Re: [PATCH v2 bpf-next 1/4] bpf: Search for kptrs in prog BTF structs

Amery Hung <ameryhung@xxxxxxxxx> · Mon, 5 Aug 2024 21:07:14 -0700

On Mon, Aug 5, 2024 at 6:57 PM Hou Tao <houtao@xxxxxxxxxxxxxxx> wrote:
>
> Hi,
>
> On 8/6/2024 8:31 AM, Amery Hung wrote:
> > On Mon, Aug 5, 2024 at 3:25 PM Martin KaFai Lau <martin.lau@xxxxxxxxx> wrote:
> >> On 8/5/24 1:44 PM, Amery Hung wrote:
> >>>>>>> Maybe we should move the common btf used by kptr and graph_root into
> >>>>>>> btf_record and let the callers of btf_parse_fields() and
> >>>>>>> btf_record_free() to decide the life cycle of btf in btf_record.
> >>>>>> Could you maybe explain if and why moving btf of btf_field_kptr and
> >>>>>> btf_field_graph_root to btf_record is necessary? I think letting
> >>>>>> callers of btf_parse_fields() and btf_record_free() decide whether or
> >>>>>> not to change refcount should be enough. Besides, I personally would
> >>>>>> like to keep individual btf in btf_field_kptr and
> >>>>>> btf_field_graph_root, so that later we can have special fields
> >>>>>> referencing different btf.
> >>>>> Sorry, I didn't express the rough idea clearly enough. I didn't mean to
> >>>>> move btf of btf_field_kptr and btf_field_graph_root to btf_record,
> >>>>> because there are other btf-s which are different with the btf which
> >>>>> creates the struct_meta_tab. What I was trying to suggest is to save one
> >>>>> btf in btf_record and hope it will simplify the pin and the unpin of btf
> >>>>> in btf_record:
> >>>>>
> >>>>> 1) save the btf which owns the btf_record in btf_record.
> >>>>> 2) during btf_parse_kptr() or similar, if the used btf is the same as
> >>>>> the btf in btf_record, there is no need to pin the btf
> >>>> I assume the used btf is the one that btf_parse is working on.
> >>>>
> >>>>> 3) when freeing the btf_record, if the btf saved in btf_field is the
> >>>>> same as the btf in btf_record, there is no need to put it
> >>>> For btf_field_kptr.btf, is it the same as testing the btf_field_kptr.btf is
> >>>> btf_is_kernel() or not? How about only does btf_get/put for btf_is_kernel()?
> >>>>
> >>> IIUC. It will not be the same.

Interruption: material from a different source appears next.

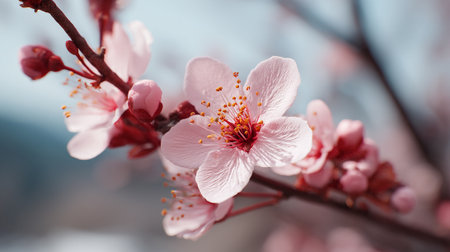 Delicate Pink Blossoms Adorn Branch Against Sky Blue Backgroundの素材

For a map referencing prog btf, I
> >>> suppose we should still do btf_get().
> >>>
> >>> I think the core idea is since a btf_record and the prog btf
> >>> containing it has the same life time, we don't need to
> >>> btf_get()/btf_put() in btf_parse_kptr()/btf_record_free() when a
> >>> btf_field_kptr.btf is referencing itself.
> >>>
> >>> However, since btf_parse_kptr() called from btf_parse() and
> >>> map_check_btf() all use prog btf, we need a way to differentiate the
> >>> two. Hence Hou suggested saving the owner's btf in btf_record, and
> >> map_check_btf() calls btf_parse_kptr(map->btf).
> >>
> >> I am missing how it is different from the
> >> btf_new_fd()=>btf_parse()=>btf_parse_kptr(new_btf).
> >>
> >> akaik, the map->record has no issue now because bpf_map_free_deferred() does
> >> btf_record_free(map->record) before btf_put(map->btf). In the map->record case,
> >> does the map->record need to take a refcnt of the btf_field_kptr.btf if the
> >> btf_field_kptr.btf is pointing back to itself (map->btf) which is not a kernel btf?
>
> I think you are right. For both callees of btf_parse_kptr() when the btf
> saved in btf_field_kptr.btf is the same as the passed btf, there is no
> need to call btf_get(). For bpf map case, just as you remained, map->btf
> has already pin the btf passed to btf_parse_kptr() in map_create().
> >>> then check if btf_record->btf is the same as the btf_field_kptr.btf in
> >>> btf_parse_kptr()/btf_record_free().
> >> I suspect it will have the same end result? The btf_field_kptr.btf is only the
> >> same as the owner's btf when btf_parse_kptr() cannot found the kptr type from a
> >> kernel's btf (the id == -ENOENT case in btf_parse_kptr).
>
> It seems your suggestion of using btf_is_kernel() is much simpler:
>
> (1) btf_parse_kptr():  doesn't invoke btf_get() when bpf_find_btf_id()
> returns -ENOENT and let the caller ensure the life cycle of the passed btf.
> (2) btf_record_free(): only invoke btf_put() if the saved btf is a
> kernel btf.
> (3) btf_record_dup(): only invoke btf_get() if the saved btf is a kernel
> btf.

I see. It is much simpler. I will send a new version using this approach.

Thank you,
Amery

> > I added some code to better explain how I think it could work.
> >
> > I am thinking about adding a struct btf* under struct btf_record, and
> > then adding an argument in btf_parse_fields:
> >
> > btf_parse_fields(const struct btf *btf,..., bool btf_is_owner)
> > {
> >         ...
> >         /* Before the for loop that goes through info_arr */
> >         rec->btf = btf_is_owner ? btf : NULL;
> >         ...
> > }
> >
> > The btf_is_owner indicates whether the btf_record returned by the
> > function will be part of the btf. So map_check_btf() will set it to
> > false while btf_parse() will set it to true. Maybe "owner" is what
> > makes it confusing? (btf_record for a map belongs to bpf_map but not
> > map->btf. On the other hand, btf_record for a prog btf is part of it.)
> >
> > Then, in btf_record_free(), we can do:
> >
> > case BPF_KPTR_XXX:
> >         ...
> >         if (rec->btf != rec->fields[i].kptr.btf)
> >                 btf_put(rec->fields[i].kptr.btf);
> >
> > In btf_parse_kptr(), we also do similar things. We just need to pass
> > btf_record into it.
>